Ik noemde op catechisatie wel eens het simpelste voorbeeld. Je snoept uit de suikerpot. Vraagt moeder later, omdat ze ziet dat er wat gemorst is: wie heeft er uit de suikerpot gesnoept? Je zegt: ik niet. Dat zijn al overtredingen van drie geboden: gij zult niet stelen, geen vals getuigenis spreken, eer je vader en moeder. De zonde is een macht, die je steeds verder insluit. je steeds minder vrij maakt. Die je ook steeds meer werk op levert, slavenwerk, om dingen weer recht te breien of toe te dekken.
En deze slavernij geeft ook veel angst.
Het strenge wéttische leven is een angstig leven. Daarin heerst de angst, dat je het nooit goed doet, je altijd te kort schiet. De angst voor kritiek. De angst om uit de toon en uit de gunst te vallen.
Maar ook het losse leven is een angstig leven. Daarin heerst de angst, dat de zonde uitkomt. Ik heb gestolen. Komt het uit? Krijg ik de politie aan mijn deur? Ik heb overspel gepleegd. Zal mijn man, mijn vouw het ontdekken? Krijg ik een seksueel overdraagbare ziekte? Zondigen levert duizend angsten op. Helemaal de angst van een slecht geweten, schuldgevoel voor God. Dat verdring je. Stop je diep weg. Maar daarmee ben je het niet kwijt.

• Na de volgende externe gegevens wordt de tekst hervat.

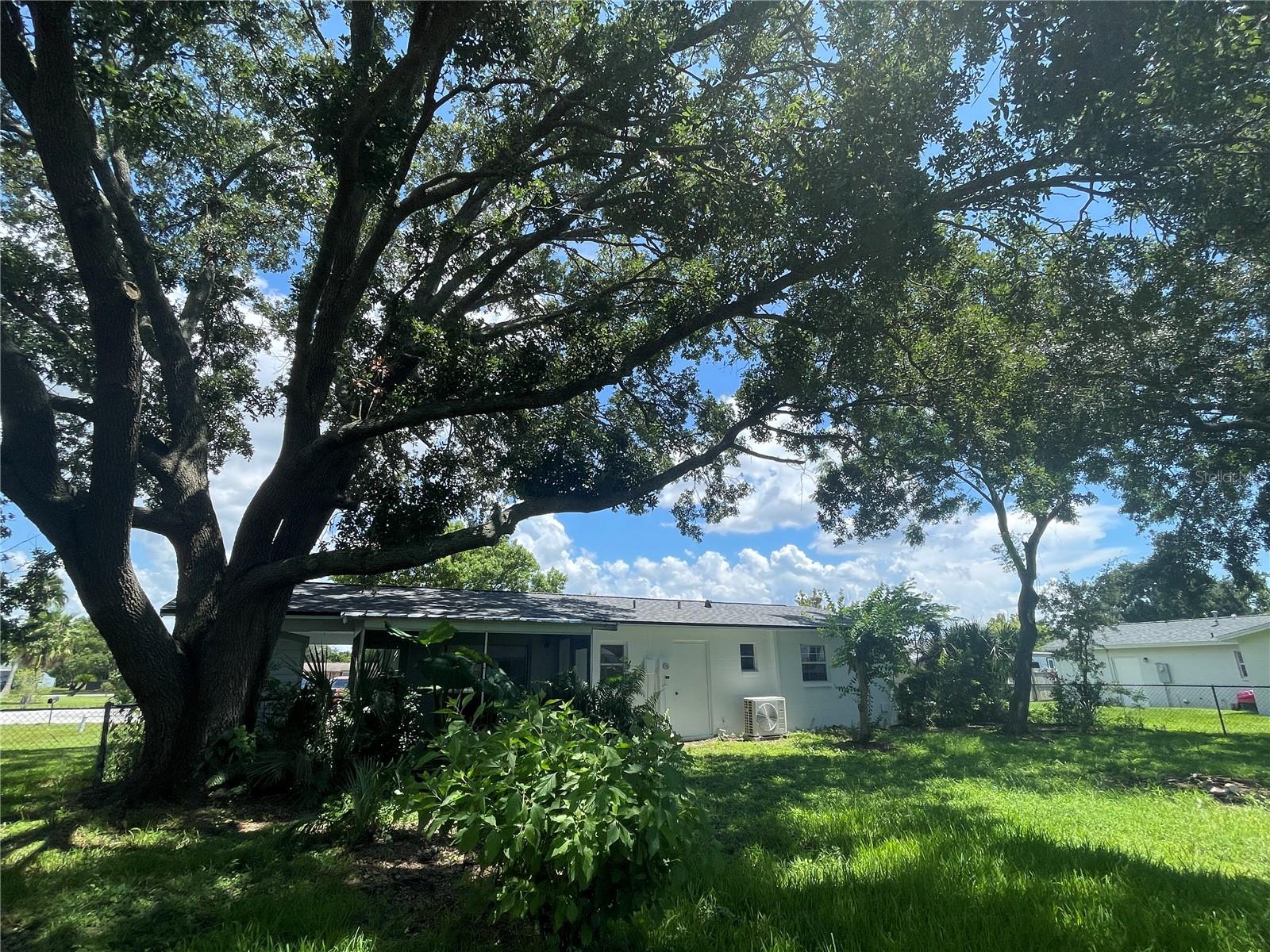 SPRING HILL - Residential Lease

Wanneer heeft de bijbel het voor het eerst over angst? Direct na de zondeval. God riep de mens. Waar ben je? En hij zei: ik hoorde u in de tuin en werd bang omdat ik naakt ben. Daarom verborg ik me. Dat is de geest van slaafse angst bij ons van binnen. Vraag het ook maar aan de psychologen. Het gevoel van schuld, schaamte, angst inéén en dat in wezen voor God. Het is de bron van veel leed, verwarring, frustraties in het leven en samenleven van ons mensen, psychische kwalen.
U hebt niet de Geest van slavernij ontvangen die opnieuw tot angst leidt. Wat bedoelt Paulus met dat "opnieuw". Wel, wij christenen zijn van die geest bevríjd. Vertrouw daarop. Geloof dat. En val niet terug in ongeloof of bijgeloof, waarin die angst weer zo'n grote plaats inneemt.
We denken aan de gemeenteleden van Rome toen. De jóódse christenen onder hen dreigden soms terug te vallen in het wettische jodendom. Met een strenge straffende God, die eist dat je je precies aan allerlei regeltjes houdt. Over wat niet mag op de sabbat, over wat je niet mag eten, niet mag aanraken wil je niet onrein worden. En de niet-joodse christenen van die gemeente dreigden soms terug te vallen in het heidendom, met angst voor allerlei goden en machten, die met offers tevreden moeten worden gesteld. Godsdienst is dan in wezen niet anders als het bezweren van de geest van slaafse angst.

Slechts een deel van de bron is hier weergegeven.